JP2018009564A - Turbomachine - Google Patents

Abstract

PROBLEM TO BE SOLVED: To provide a turbomachine.SOLUTION: A turbomachine comprises a rotor having a radial flow impeller (10), and a stator having a housing (11) and an insert piece (12) mounted on the housing (11). The insert piece (12) partitions, at least in a predetermined cross section, a flow duct for a working fluid of the machine, namely, a first flow passage (17) extending in the axial direction and a second flow passage (18) of the flow duct extending radially outward relative to the first flow passage (17). In the range of an insert piece flange (15), the insert piece (12) is fastened to a housing flange (16) of the housing (11) via connecting elements (14) such that the impeller (10) can be disassembled and assembled in a state that the housing (11) is mounted. An impact deformation body (20) is mounted on the housing (11) to surely prevent movement of the insert piece (12) in the case of bursting of the impeller (10).SELECTED DRAWING: Figure 1

Description

  The present invention relates to a turbomachine.

  From Patent Document 1, a turbomachine having a rotor and a stator is known. The rotor includes a radial flow impeller. The stator includes a housing and an insert piece mounted on the housing. The insert piece comprises, in a given cross-section, a flow duct for a turbomachine working fluid, i.e. a flow duct extending axially and an arcuate flow duct extending radially outward. And a flow path. According to Patent Document 1, an insert piece is mounted on a housing, specifically via a connecting element, and the connecting element includes an insert piece flange of the insert piece and a corresponding housing flange of the housing. It extends through. Here, the insert piece is fastened to the housing so that the impeller can be disassembled and assembled in a state where the housing is assembled. To access the impeller, simply remove the insert piece from the housing and there is no need to disassemble the housing. As already explained, the insert piece is fastened to the housing via a plurality of connecting elements that take an embodiment like a screw, and the connecting element that is interposed to fasten the insert piece to the housing is embodied as a screw. The prior art that is known enables so-called capacity securing.

German Patent No. 102010027762

  According to the prior art, if the impeller bursts during operation and the impeller fragment collides with the insert piece, the screw-designed connecting element between the insert piece and the housing absorbs these forces, i.e. I have to prevent it. Thus, the prior art requires a plurality of such connecting elements to connect the insert piece to the housing, some of which need to be embodied as high strength bolts.

  Thus, the present invention is based on the object of creating a turbomachine that can ensure a higher capacity. This object is solved through the turbomachine of claim 1. According to the present invention, the impact deformable body is mounted on the housing and reliably prevents the movement of the insert piece when the impeller is ruptured.

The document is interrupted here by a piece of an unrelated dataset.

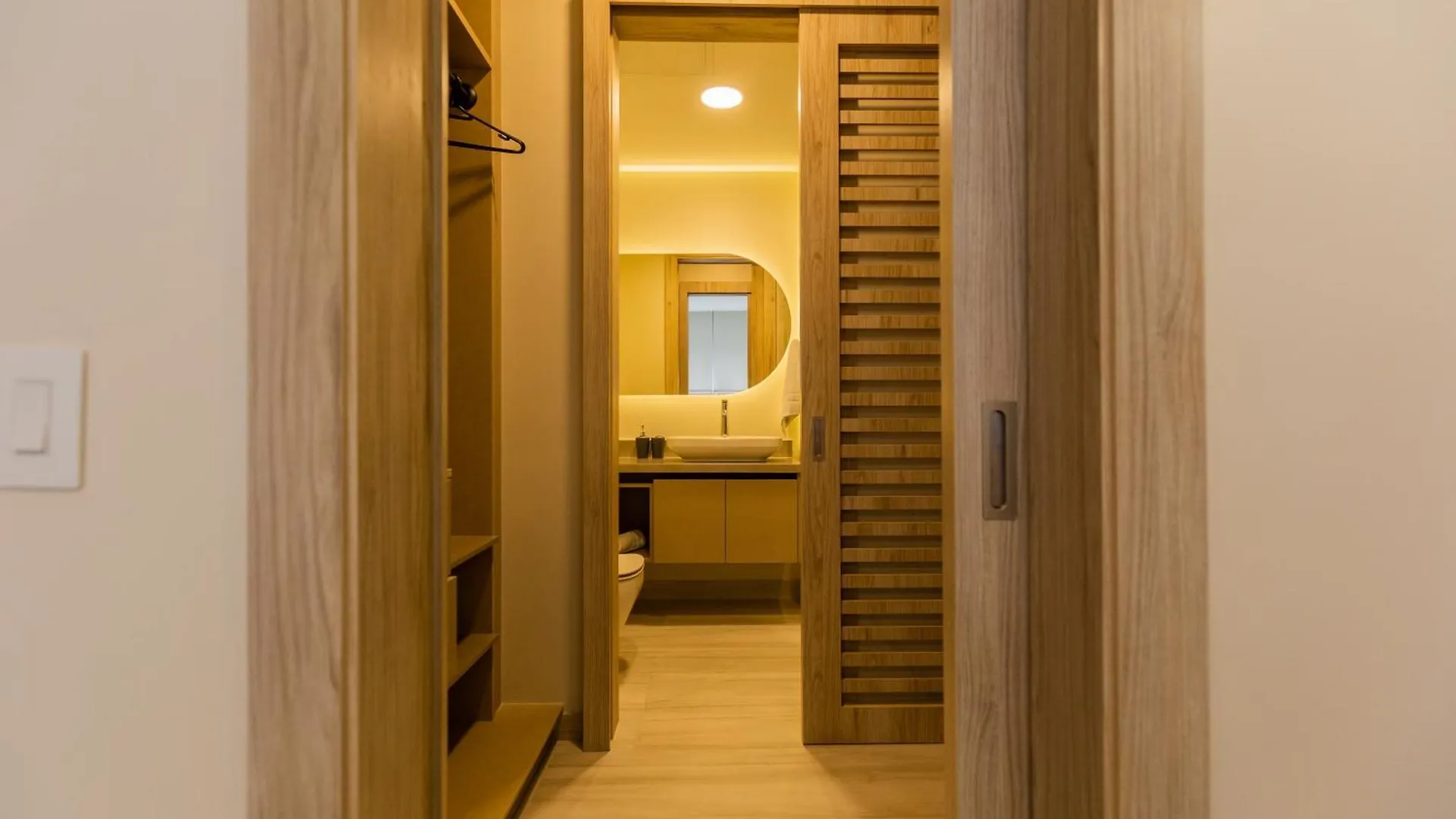 Le Parc Residence Deluxe Suite Quito 0*,  Ekvádor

  Preferably, the impact deformable body is inserted into the groove of the housing at the first portion, and is connected to the housing via the connecting element at the first portion, at which time the impact deformable body is the housing at the second portion. The second portion covers the insert piece in the protruding region of the insert piece flange. These details allow simple assembly of the impact deformable body into the housing, retention of the insert piece in the housing when the impeller ruptures due to interconnection, and in addition to the impeller in the assembled state of the housing. Assembly and removal are possible.

  According to an advantageous further development, a gap is formed between the impact deformation body and the insert piece, preferably when the impeller is ruptured, there is a malfunction of the connecting element for fixing the insert piece to the housing. It is the dimension that the insert piece comes into contact with the impact deformable body for the first time after the occurrence. At the start of the impeller malfunction, the present invention according to this further development works on the insert piece by first utilizing the deformation path or shear path of the connecting element that is interposed when the insert piece 12 is mounted on the compressor housing 11. Transform power. After this, the insert piece is surely applied to the impact deformable body for the first time, thereby further absorbing the force acting on the insert piece and finally transmitting the force to the housing.

  Preferably, the impact deformable body is integrally formed. Alternatively, it consists of several parts of multiple parts. In particular, when the impact deformable body is integrally formed, it is desirable to provide a plurality of depressions around it. This is because it is inserted into the groove of the bayonet-like housing through these depressions. A shock absorber consisting of multiple parts of a multi-part design is a simpler design.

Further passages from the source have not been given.